EXERCISE REQUIREMENTS:
The range runs from the line containing "TOWN & COUNTRY" to the last line of the entries. Copy that range exactly, omitting pictures.

TASK DATA:
****************************************

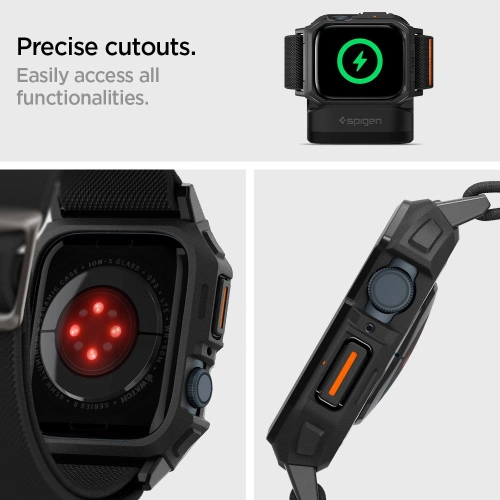 Kup Etui Spigen Lite Fit Pro Apple Watch 4/5/6/7/8/9/SE 44/45mm Matt Fekete - SPN3352 - {ean13} - Sklep Home Screen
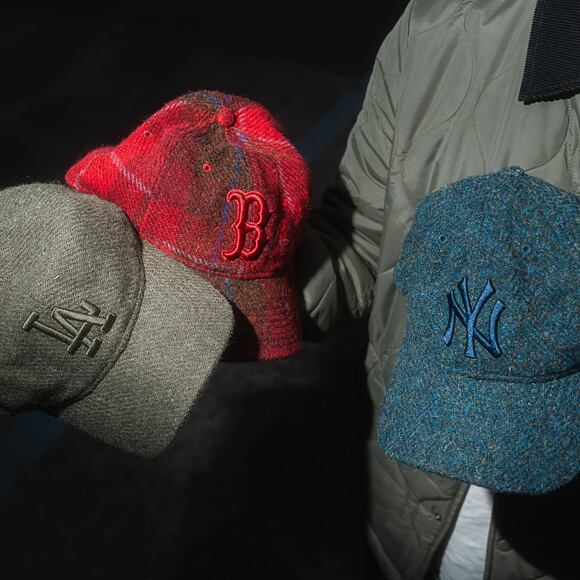 Kšiltovka New Era - 9TWENTY MLB Harris Tweed - Boston Red Sox - Red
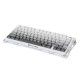 GRAVASTAR MERCURY K1 75% ALUMINUM ALLOY EXOSKELETON DESIGN GASKET COMPACT CUSTOM KEYBOARD HOT-SWAP SOCKET LINEAR SWITCHES WITH RGB BACKLIT & FRAME WIRELESS MECHANICAL GAMING KEYBOARD - GRADIENT WHITE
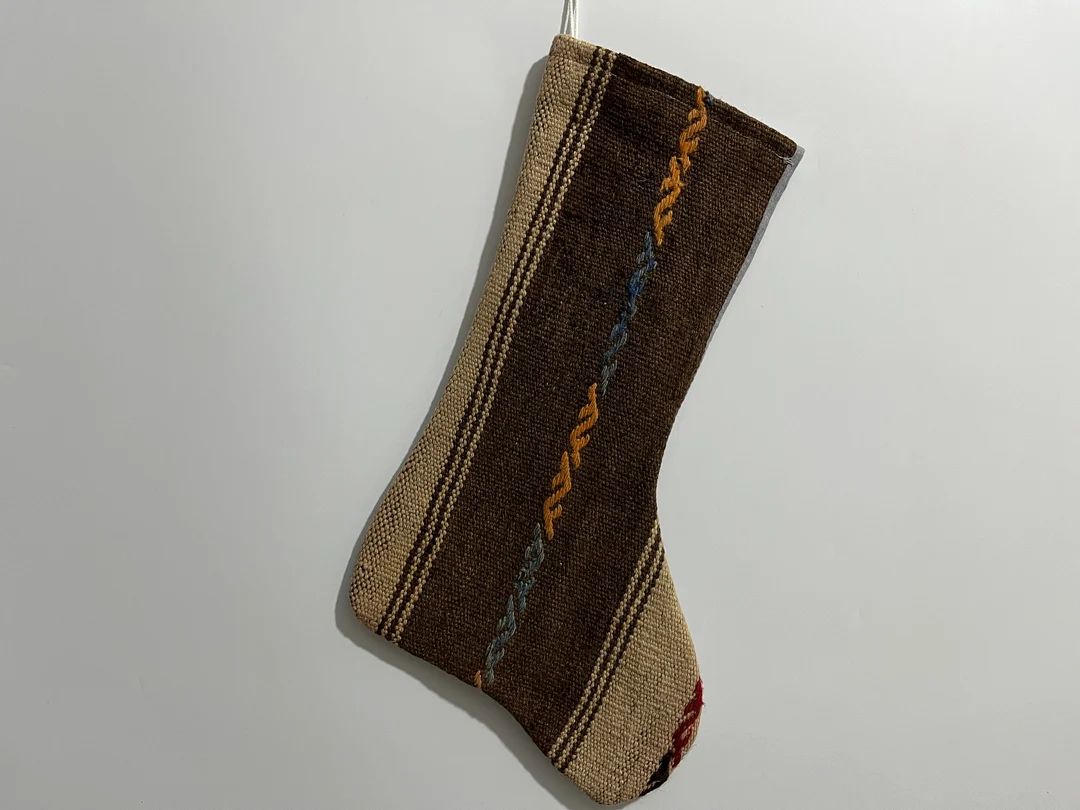 christmas stocking, kilim stocking, handmade stocking, turkish stocking, vintage stocking, boho s... | Etsy (US)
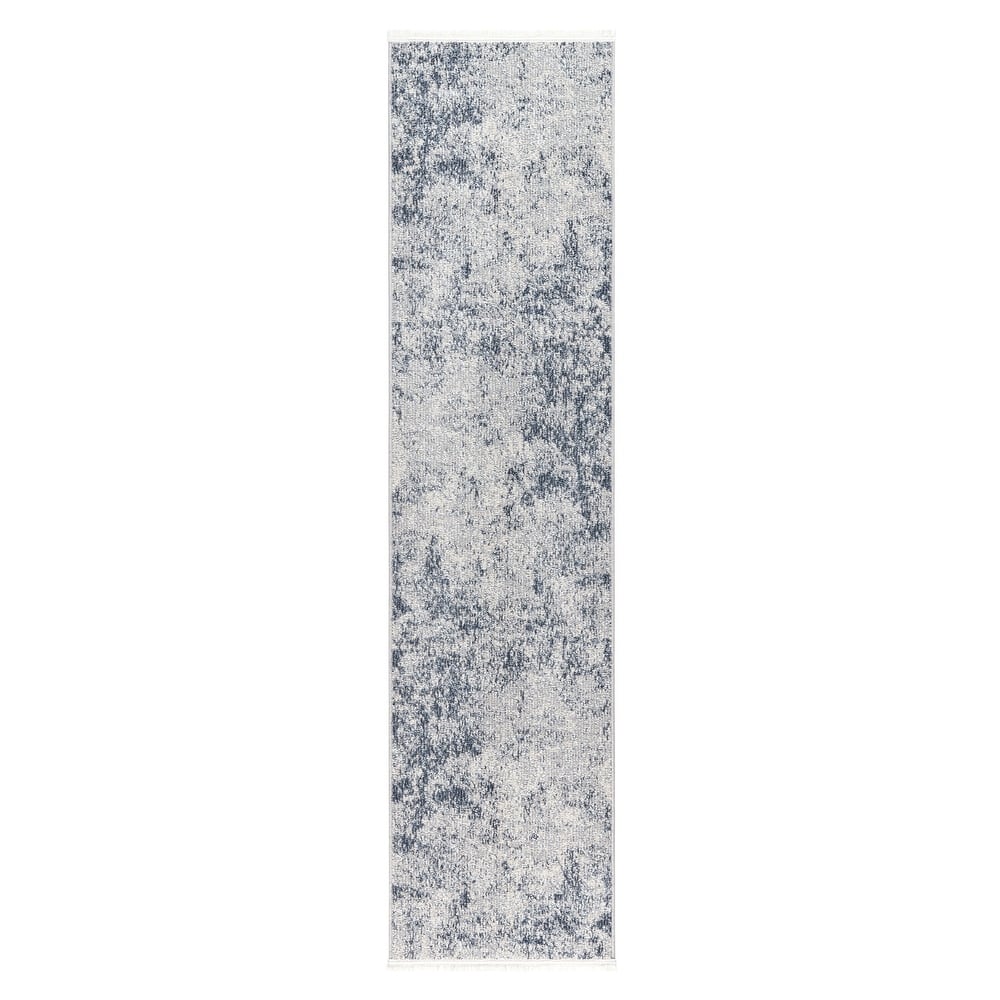 TOWN & COUNTRY EVERYDAY Rein Abstract Cloud Everwash Washable Non-Slip Backing Area Rug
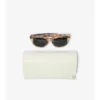 Ochelari de soare rotunzi cu model în carouri Ochelari de soare rotunzi cu model în carouri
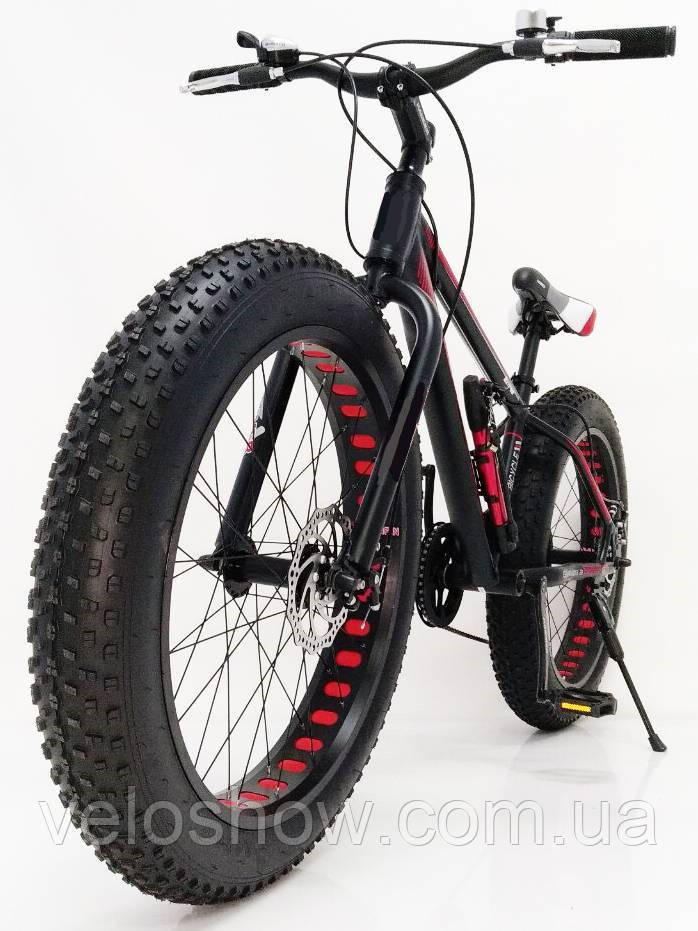 Алюмінієвий підлітковий 24/4.0 Hulk велосипед фетбайк (fatbike) широкі колеса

****************************************

EXERCISE RESPONSE:
 TOWN & COUNTRY EVERYDAY Rein Abstract Cloud Everwash Washable Non-Slip Backing Area Rug
 Ochelari de soare rotunzi cu model în carouri Ochelari de soare rotunzi cu model în carouri
 Алюмінієвий підлітковий 24/4.0 Hulk велосипед фетбайк (fatbike) широкі колеса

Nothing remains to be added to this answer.